2022: Year of highest wheat yield, self-sufficiency
Elita Chikwati-Features Editor
The year 2022 will go down in history as the farming season Zimbabwe recorded its highest wheat harvest since production of the cereal started in 1966, thanks to the Government’s Agriculture Recovery Plan aimed at boosting food security and nutrition in line with Vision 2030.
This year saw the country recording surplus after harvesting 375 000 tonnes of wheat from the 80 883 hectares planted by farmers during the winter cropping season.
About 360 000 tonnes of wheat are required for national consumption annually.
Following the success of the wheat production last season, the value chain has the potential to increase its production reaching national sufficiency and export the surplus.
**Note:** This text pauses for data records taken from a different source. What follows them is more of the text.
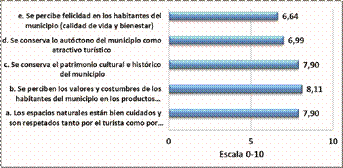 Razón del turismo es sostenible en Usiacurí – Perspectiva de los turistas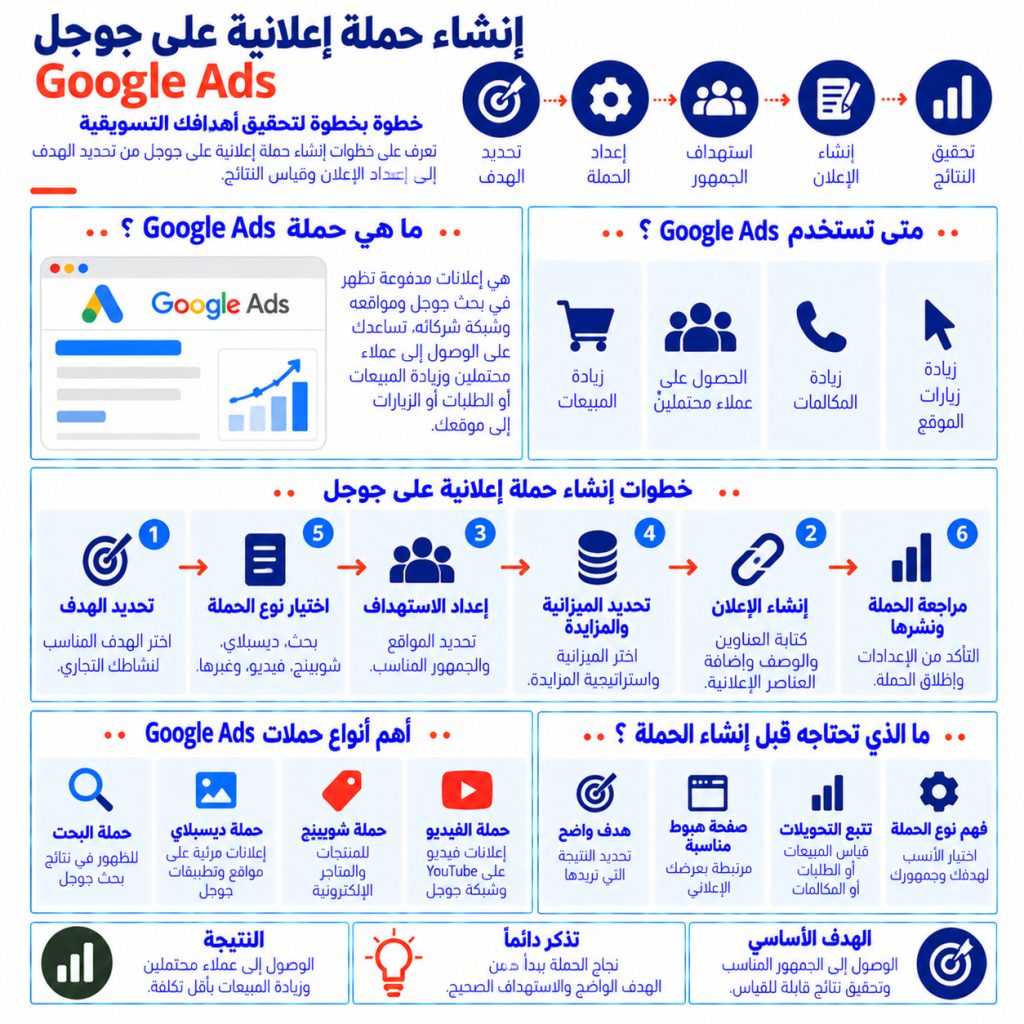 إنشاء حملة إعلانية على جوجل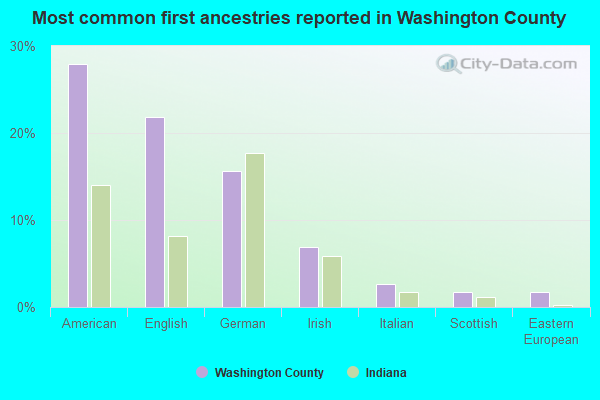 Most common first ancestries reported in Washington County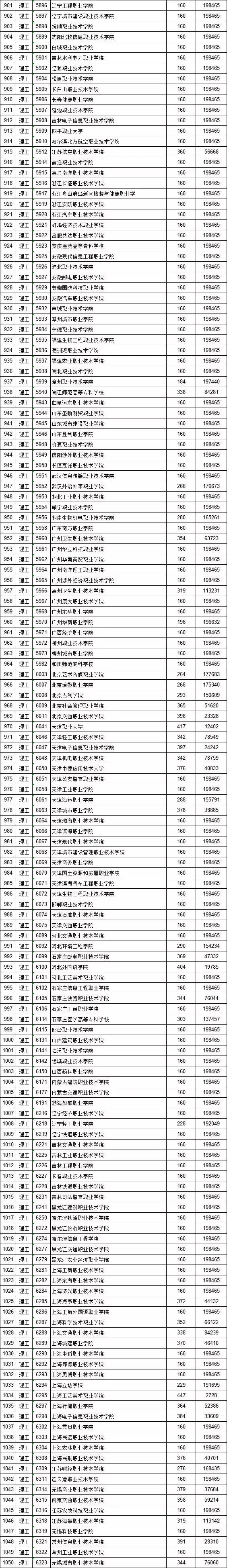 江西省2019年提前批高招学校,江西省2020高招本科一批录取情况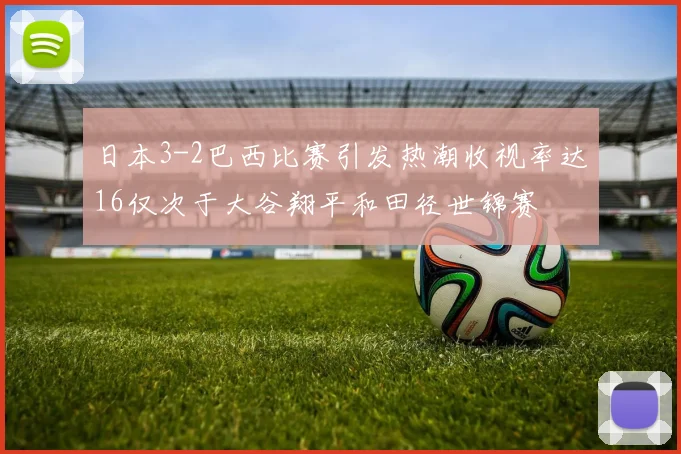 日本3-2巴西比赛引发热潮收视率达16仅次于大谷翔平和田径世锦赛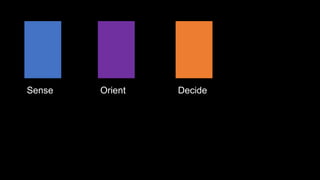 Sense Orient Decide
The Russia and Ukraine Conflict has revealed the need for a nation to rely on locally-produced food.
These two countries used to be the major wheat producers globally and the conflict meant disruption of food supplies.
Thus it is important that Zimbabwe was able to produce enough wheat for national consumption.
The value chain should continue to work together in a co-ordinated manner to ensure the linkages are strengthened by ensuring that the wheat value chain is highly-dependent on our locally-produced crop.
Over the years, Zimbabwe has been a wheat importer as local production could not meet the annual requirement of 360 000 tonnes.
Wheat production had been affected by several challenges that include interruption of power supply, high costs of production and unavailability of funding as most financial institutions were not willing to fund the crop due to high risks associated with the cereal.
Government has been targeting increases in wheat production to meet the national requirement in line with the Agriculture and Food Systems Transformation Strategy, the Agriculture Recovery Plan and the National Development Strategy 1 and in pursuit of the vision of becoming an empowered and prosperous upper middle income society by 2030.
Thus a number of strategies have been put in place to boost production and wheat has not been left out.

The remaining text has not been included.